What the exercise asks
Word for word, please copy the listing below, with its pictures left out.

Provided information
---*---

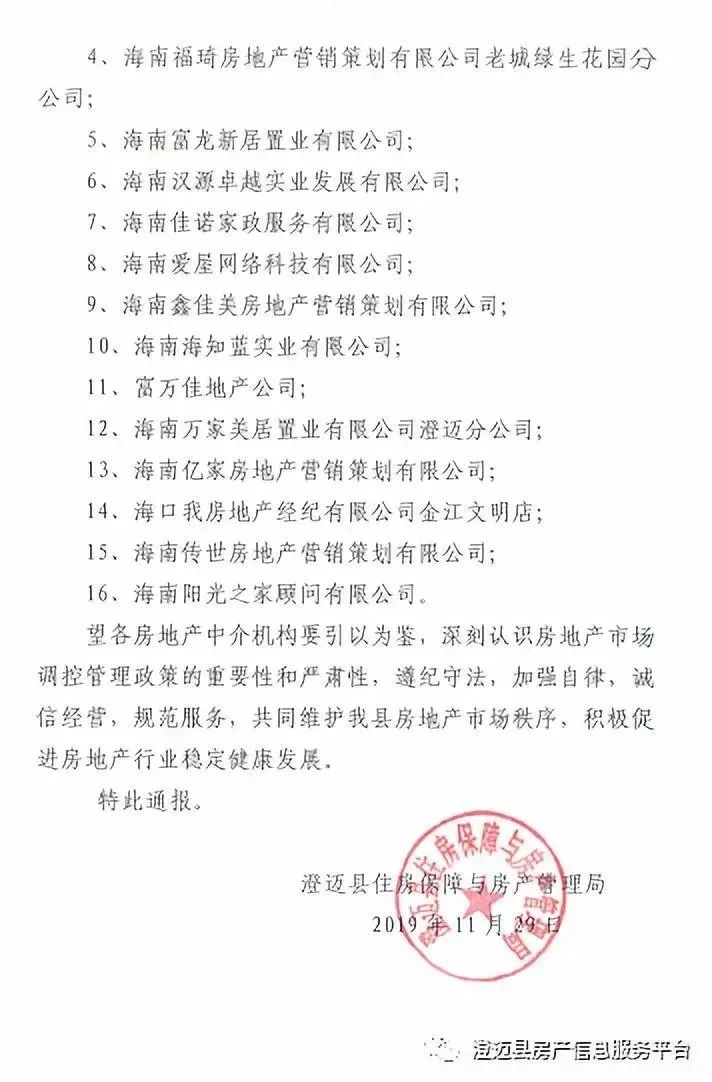 海口12家违规房产中介,海口房产中介整顿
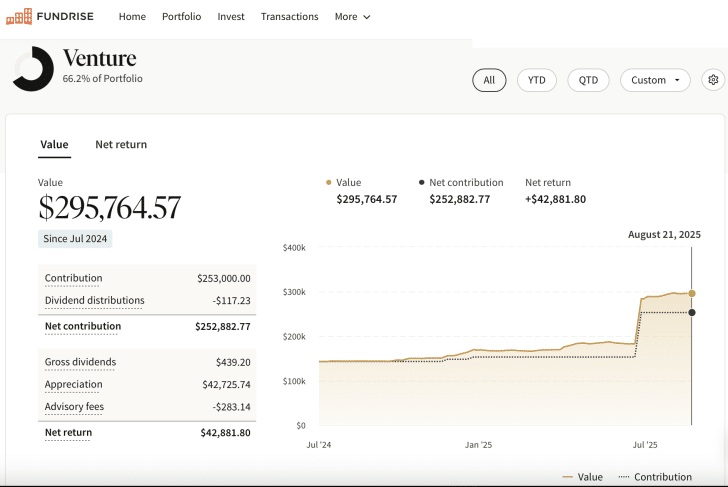 Financial Samurai Fundrise Innovation Fund Investment Amount 2025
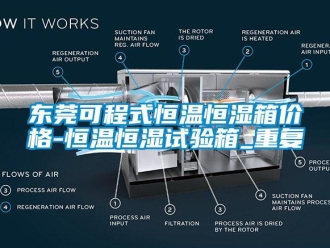 知识百科东莞可程式恒温恒湿箱价格-恒温恒湿试验箱_重复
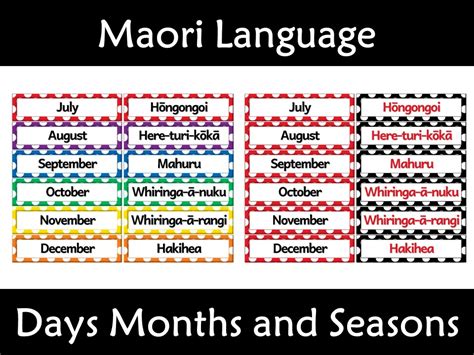 Maori Language Labels Days Months and Numbers New Zealand Te Reo | Teaching Resources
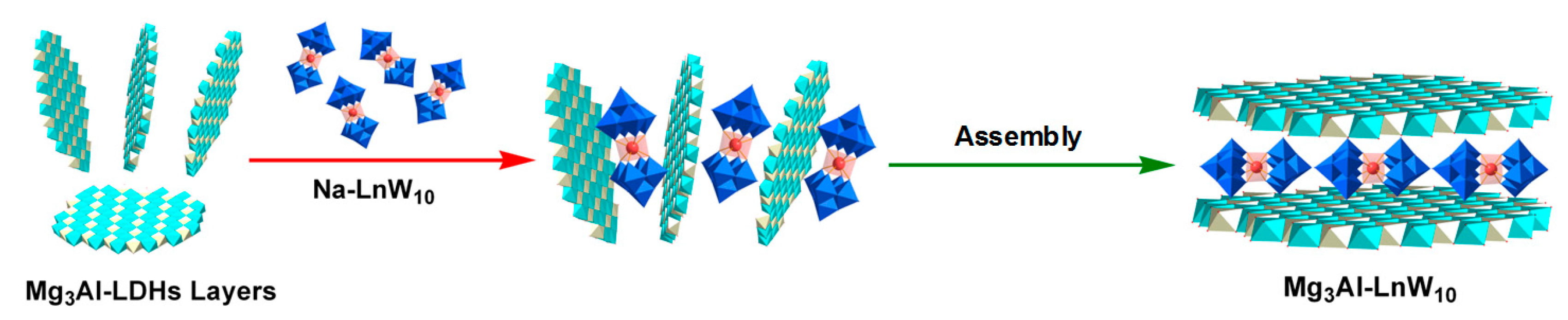 Catalysts 07 00260 g005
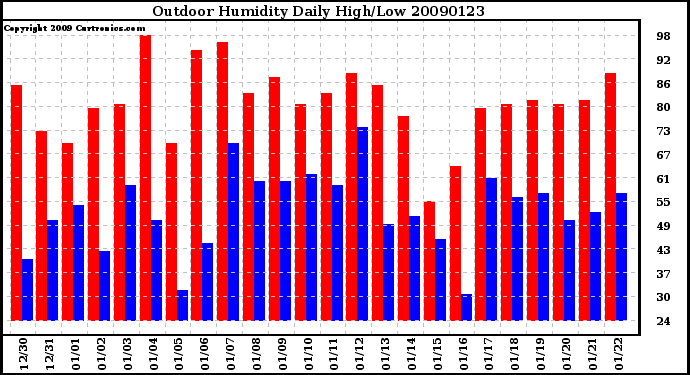 Milwaukee Weather Outdoor Humidity Daily High/Low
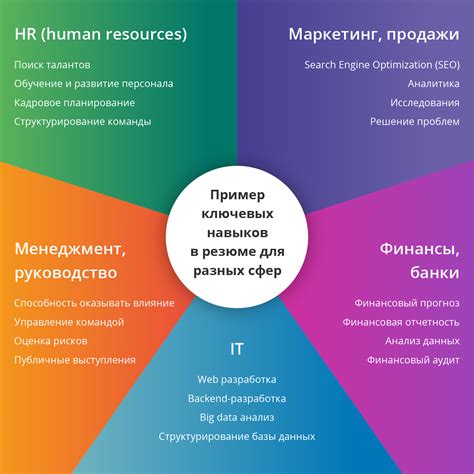 Ключевые навыки и знания в области финансовой осведомленности в секторе банковских услуг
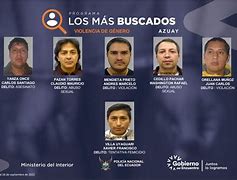 Los más Buscados de México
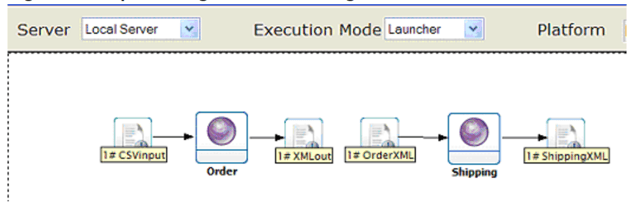 IBM_Integration_Flow_Designer_Example.png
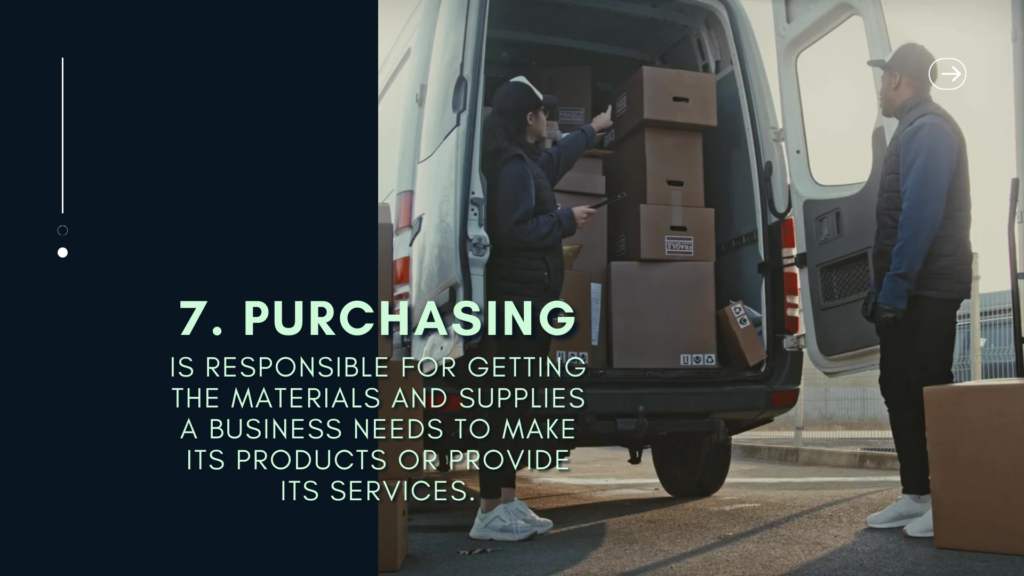 Header text with delivery truck and boxes for purchasing as a business function or activity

---*---

Response
 海口12家违规房产中介,海口房产中介整顿
 Financial Samurai Fundrise Innovation Fund Investment Amount 2025
 知识百科东莞可程式恒温恒湿箱价格-恒温恒湿试验箱_重复
 Maori Language Labels Days Months and Numbers New Zealand Te Reo | Teaching Resources
 Catalysts 07 00260 g005
 Milwaukee Weather Outdoor Humidity Daily High/Low
 Ключевые навыки и знания в области финансовой осведомленности в секторе банковских услуг
 Los más Buscados de México
 IBM_Integration_Flow_Designer_Example.png
 Header text with delivery truck and boxes for purchasing as a business function or activity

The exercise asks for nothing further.